=== WHAT THE EXERCISE ASKS ===
Only lines containing "Apartment" belong in the answer, each copied from the entries below.

[Short web captions]
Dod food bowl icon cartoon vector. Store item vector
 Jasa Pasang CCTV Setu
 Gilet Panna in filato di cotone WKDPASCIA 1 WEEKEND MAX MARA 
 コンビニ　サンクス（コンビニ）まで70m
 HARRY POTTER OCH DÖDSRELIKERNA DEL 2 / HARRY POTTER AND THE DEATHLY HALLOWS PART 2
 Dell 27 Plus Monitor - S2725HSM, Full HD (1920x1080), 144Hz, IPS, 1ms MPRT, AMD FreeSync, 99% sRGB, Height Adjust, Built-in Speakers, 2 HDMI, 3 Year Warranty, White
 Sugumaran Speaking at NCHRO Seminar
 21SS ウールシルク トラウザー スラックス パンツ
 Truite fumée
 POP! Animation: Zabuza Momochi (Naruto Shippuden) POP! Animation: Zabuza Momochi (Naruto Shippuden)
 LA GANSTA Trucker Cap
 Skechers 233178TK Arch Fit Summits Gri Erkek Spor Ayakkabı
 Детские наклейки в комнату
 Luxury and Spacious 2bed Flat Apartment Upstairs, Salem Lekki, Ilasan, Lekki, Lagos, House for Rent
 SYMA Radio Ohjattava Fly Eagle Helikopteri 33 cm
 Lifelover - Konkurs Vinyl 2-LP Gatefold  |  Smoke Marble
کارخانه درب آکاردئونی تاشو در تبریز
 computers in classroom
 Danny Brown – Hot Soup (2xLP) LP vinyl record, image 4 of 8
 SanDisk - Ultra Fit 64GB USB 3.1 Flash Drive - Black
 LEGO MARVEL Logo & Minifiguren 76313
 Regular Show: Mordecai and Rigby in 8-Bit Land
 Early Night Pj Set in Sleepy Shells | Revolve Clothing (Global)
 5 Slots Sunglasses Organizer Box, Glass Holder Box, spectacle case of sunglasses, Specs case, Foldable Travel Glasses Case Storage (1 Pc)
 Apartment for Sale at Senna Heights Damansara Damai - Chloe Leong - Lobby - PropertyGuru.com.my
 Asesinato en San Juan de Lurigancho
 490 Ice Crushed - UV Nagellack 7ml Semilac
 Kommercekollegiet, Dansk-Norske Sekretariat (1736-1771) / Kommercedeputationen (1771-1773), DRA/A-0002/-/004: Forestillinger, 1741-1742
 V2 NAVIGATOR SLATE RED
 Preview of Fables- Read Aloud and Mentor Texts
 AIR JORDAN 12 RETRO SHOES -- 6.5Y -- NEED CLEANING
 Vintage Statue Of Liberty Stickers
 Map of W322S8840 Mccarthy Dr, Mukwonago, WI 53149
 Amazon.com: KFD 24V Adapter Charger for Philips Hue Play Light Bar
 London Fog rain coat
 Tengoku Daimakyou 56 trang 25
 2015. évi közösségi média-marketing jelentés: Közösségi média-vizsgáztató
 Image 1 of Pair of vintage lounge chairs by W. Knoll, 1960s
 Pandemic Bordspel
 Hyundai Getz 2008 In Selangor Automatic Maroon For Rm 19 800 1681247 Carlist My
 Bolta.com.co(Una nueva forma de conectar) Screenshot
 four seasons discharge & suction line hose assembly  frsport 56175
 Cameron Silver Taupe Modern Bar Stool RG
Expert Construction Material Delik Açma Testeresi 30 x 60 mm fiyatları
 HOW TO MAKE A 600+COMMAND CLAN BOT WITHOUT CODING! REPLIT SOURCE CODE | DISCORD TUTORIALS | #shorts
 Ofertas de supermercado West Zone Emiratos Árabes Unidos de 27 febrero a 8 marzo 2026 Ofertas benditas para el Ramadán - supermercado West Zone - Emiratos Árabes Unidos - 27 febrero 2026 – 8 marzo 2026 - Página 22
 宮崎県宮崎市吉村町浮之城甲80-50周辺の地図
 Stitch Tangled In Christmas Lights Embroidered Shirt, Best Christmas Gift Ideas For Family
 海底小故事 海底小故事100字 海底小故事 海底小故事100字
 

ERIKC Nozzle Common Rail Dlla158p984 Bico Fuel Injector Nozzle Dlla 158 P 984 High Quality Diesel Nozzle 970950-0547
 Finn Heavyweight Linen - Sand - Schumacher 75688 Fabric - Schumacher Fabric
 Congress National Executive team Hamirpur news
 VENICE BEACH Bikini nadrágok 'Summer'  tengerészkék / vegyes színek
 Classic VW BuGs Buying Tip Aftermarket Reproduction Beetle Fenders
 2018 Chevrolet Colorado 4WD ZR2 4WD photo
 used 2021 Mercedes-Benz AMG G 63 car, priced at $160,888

=== ANSWER SPACE ===
 Luxury and Spacious 2bed Flat Apartment Upstairs, Salem Lekki, Ilasan, Lekki, Lagos, House for Rent
 Apartment for Sale at Senna Heights Damansara Damai - Chloe Leong - Lobby - PropertyGuru.com.my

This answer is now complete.